The point about the availability of nutrients changing with pH is a valid one, and is one of the reasons we feed micro  and macro-elements on different days. As an example if you add orthophosphates (PO4---) and unchelated iron (Fe+++) at the same time, insoluble iron phosphates are formed. The same process occurs with calcium at alkaline pH's, again insoluble calcium phosphate complexes are formed. 






> The are carbonates and bicarbonates and carbonic acid or water soluble carbon dioxide. Their ratio is pH dependent. The two former ones hold cations other than hydrogen (which is held by the latter one) and they hold the water hardness. Swapping cations and adding carbon dioxide work with the same stuff, though, one is messing with the Ca of CaCO3 for example and the other is messing with the amount of CO3.

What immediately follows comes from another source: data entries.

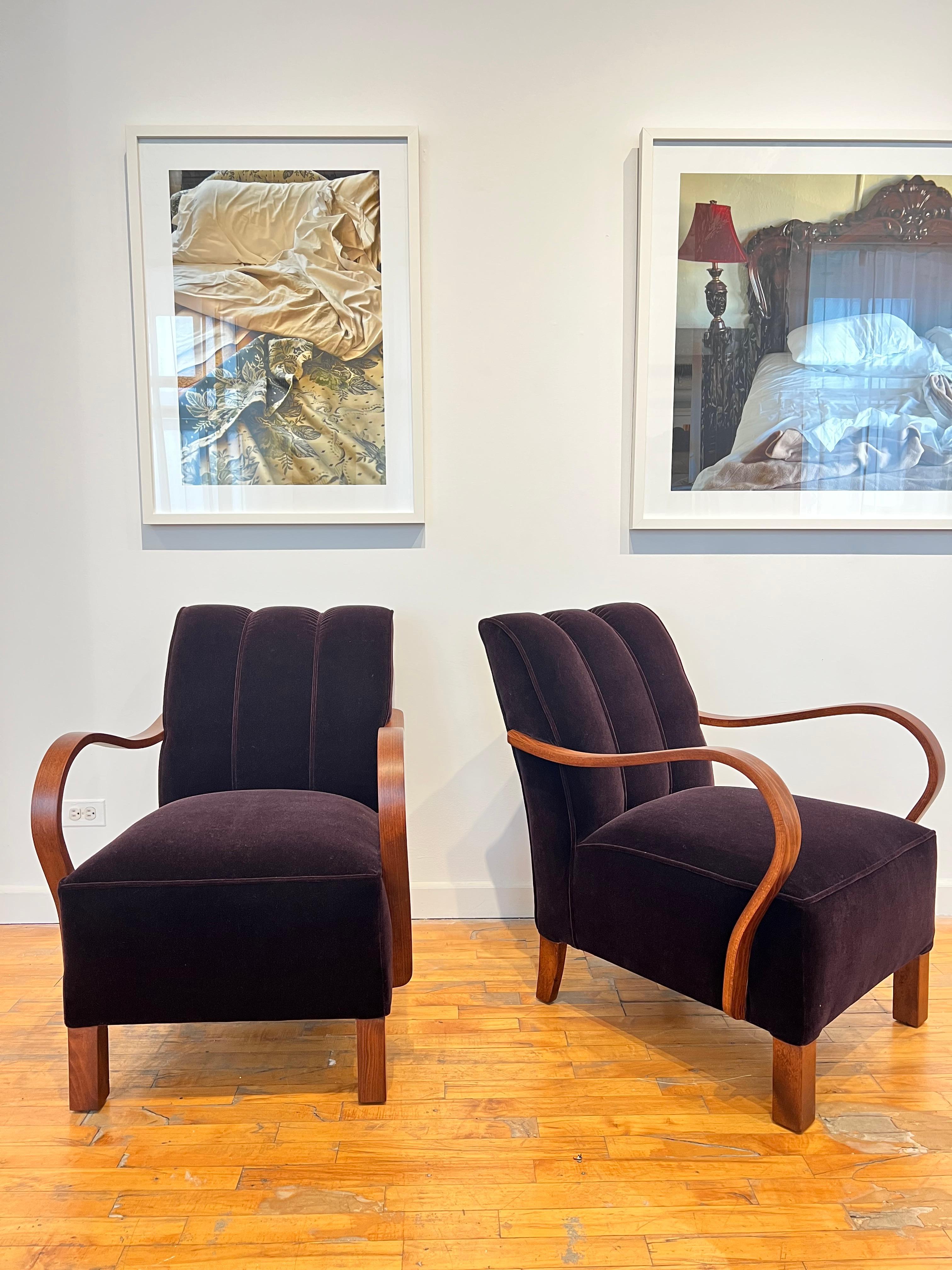 Art Deco 1920’s French Mohair Lounge Chairs For Sale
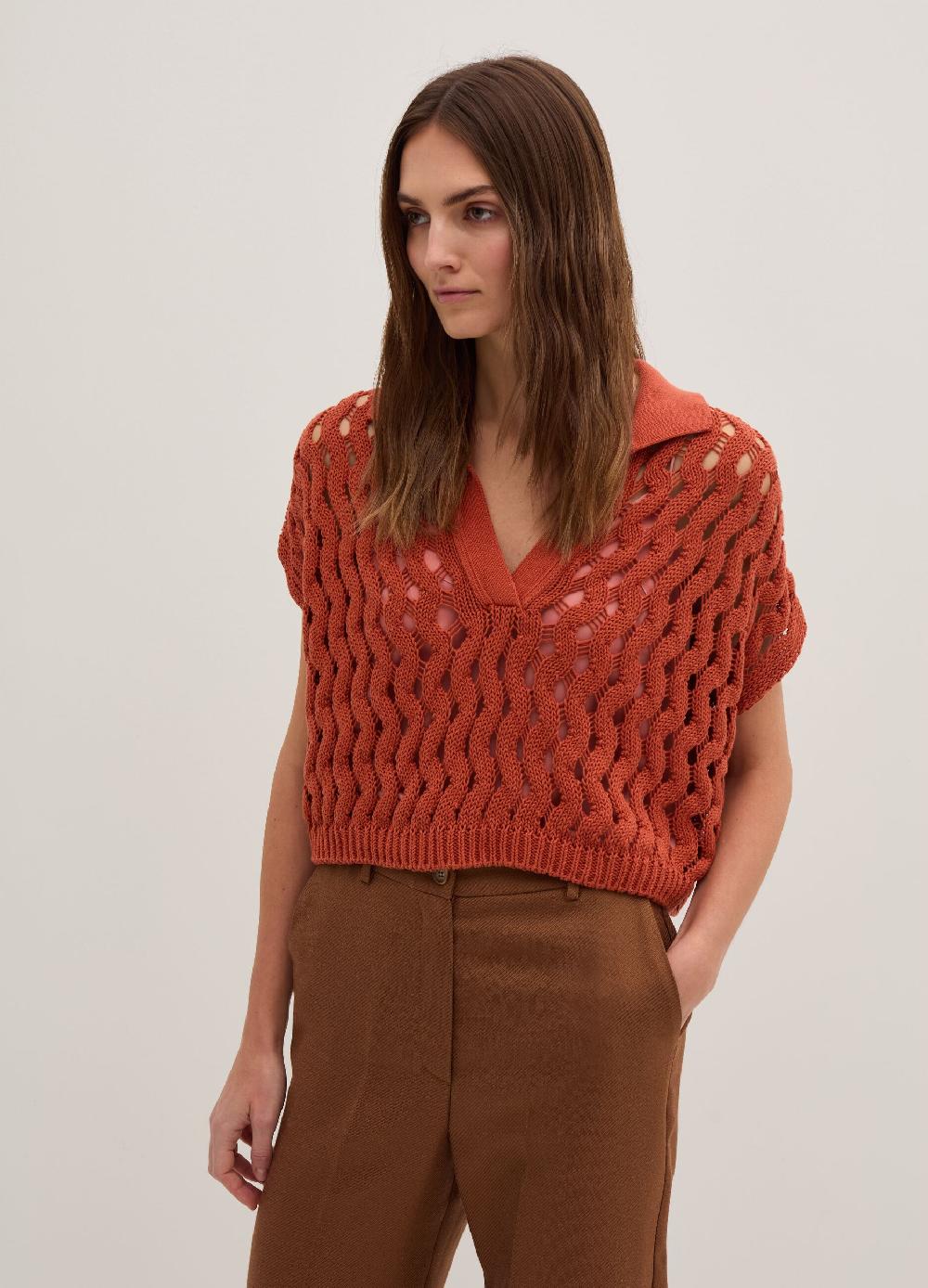 Stefanel Maglia in cordonetto con scollo a polo Offerte esclusive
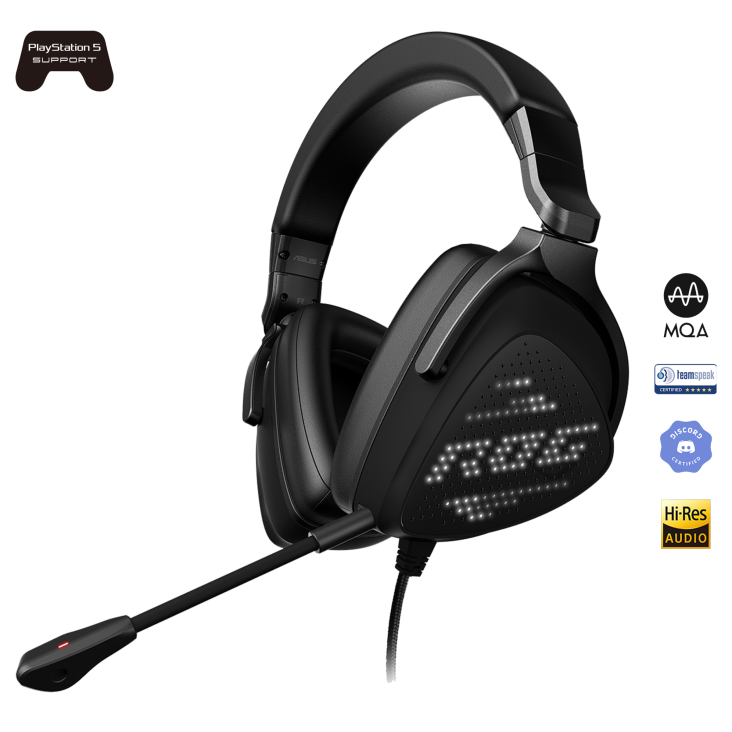 ROG Delta S Animate with icons with PS5, MQA, Discord, TeamSpeak, and Hi-Res logo
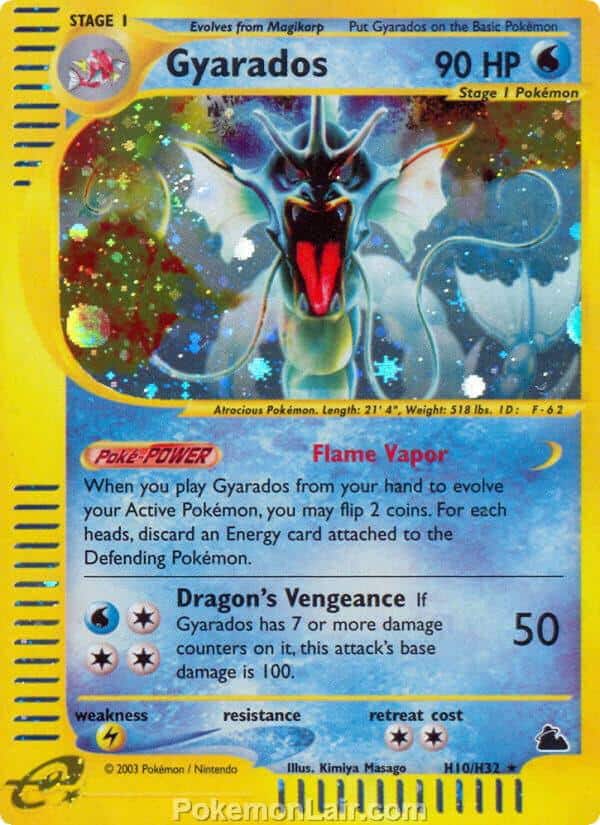 2003 Pokemon Trading Card Game Skyridge Price List H10 Gyarados
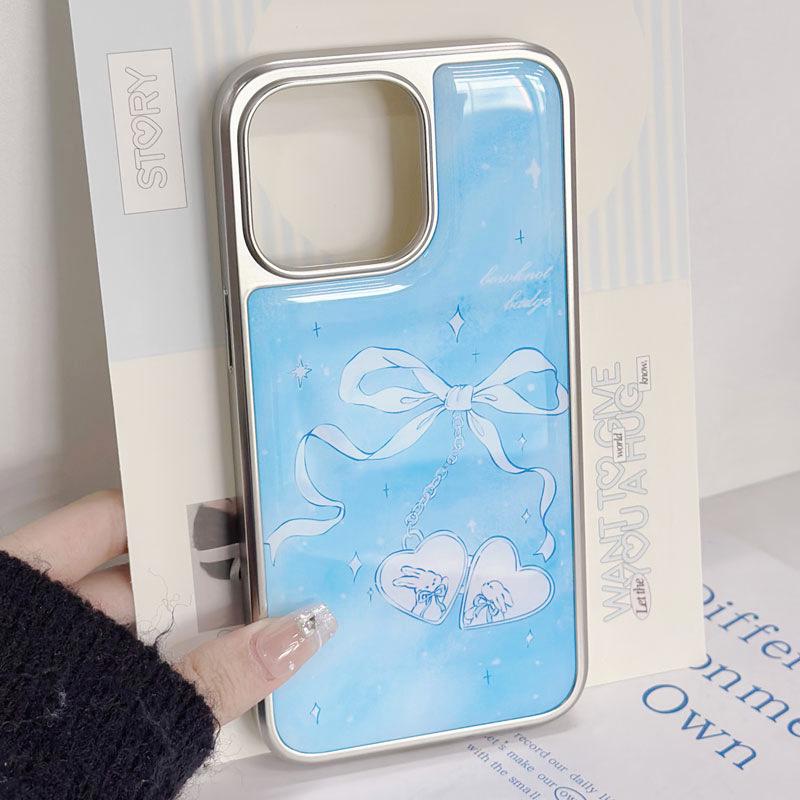 Electroplated Silver Edge Drip Glue Case for iPhone 13/14/15 Pro Max & Huawei P70 Pro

  I don't quite get what you are getting at here, when you stop adding CO2 (carbonic acid is an H+ ion donor) the pH will rise, because the ratio H+:OH- ions* will have changed (H+ ions are no longer being added, and as the CO2 out-gasses along it diffusion gradient, the amount of carbonic acid will fall). 

This is the question the original poster was asking, adding CO2 is not the same as adding a base (H+ acceptor) and then neutralising it with an acid(H+ donor). You can prove this easily enough with a conductivity meter. Changes in pH when you add CO2 are exactly that, changes in pH, they aren't changes in alkalinity, and they don't effect the fish.

Personally I'm not a great fan of pH as a measurement for aquarists, unless you understand buffering, and why 2 similar pH values may not mean the same thing.

cheers Darrel

*I'm going to ignore hydronium - H3O+


----------